▸ Task statement
Give the lines again exactly as they appear, from the first line of the listing through the line containing "Cast iron is easier", and omit every picture.

▸ Information shown
########

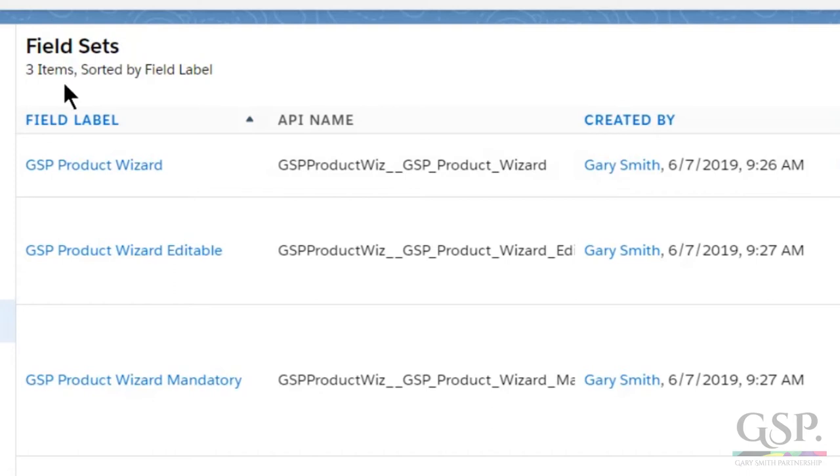And if you want it to be mandatory, you'd add it to the third field set also. Let's just make it visible and editable here. There we are.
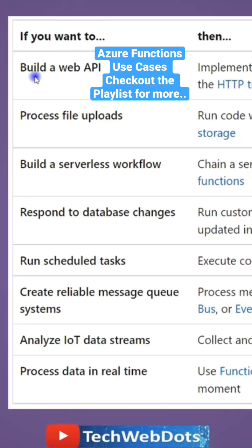For example, you are building an API to implement an endpoint for your web application using the HTTP trigger. We can use blob storage if you want to process some files which exist on the server.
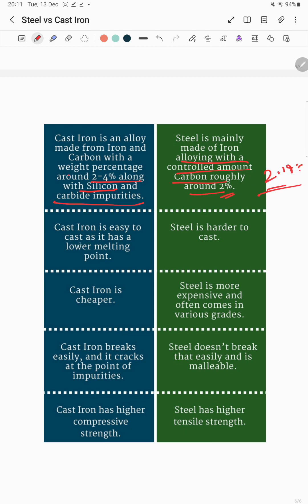Cast iron is easier to cast as it has a lower melting point, as seen from the iron-carbon phase diagram, while steel is harder to cast. Cast iron is cheaper and steel is more expensive. Cast iron breaks easily and cracks at the point of impurities, while steel is malleable and doesn't break as easily. Cast iron has higher compressive strength, while steel has higher tensile strength.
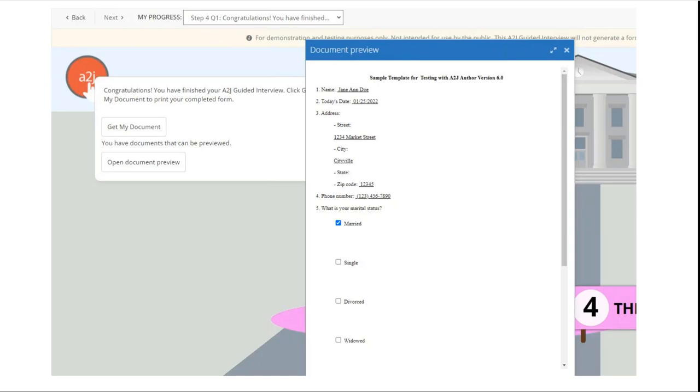PDFs generally—this occurs before the document is actually assembled and becomes a PDF because PDFs can be particularly problematic for users with screen readers and so we've created this breakpoint to allow them to review the document before it actually becomes a PDF and becomes sort of a black box.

########

▸ Answer space
And if you want it to be mandatory, you'd add it to the third field set also. Let's just make it visible and editable here. There we are.
For example, you are building an API to implement an endpoint for your web application using the HTTP trigger. We can use blob storage if you want to process some files which exist on the server.
Cast iron is easier to cast as it has a lower melting point, as seen from the iron-carbon phase diagram, while steel is harder to cast. Cast iron is cheaper and steel is more expensive. Cast iron breaks easily and cracks at the point of impurities, while steel is malleable and doesn't break as easily. Cast iron has higher compressive strength, while steel has higher tensile strength.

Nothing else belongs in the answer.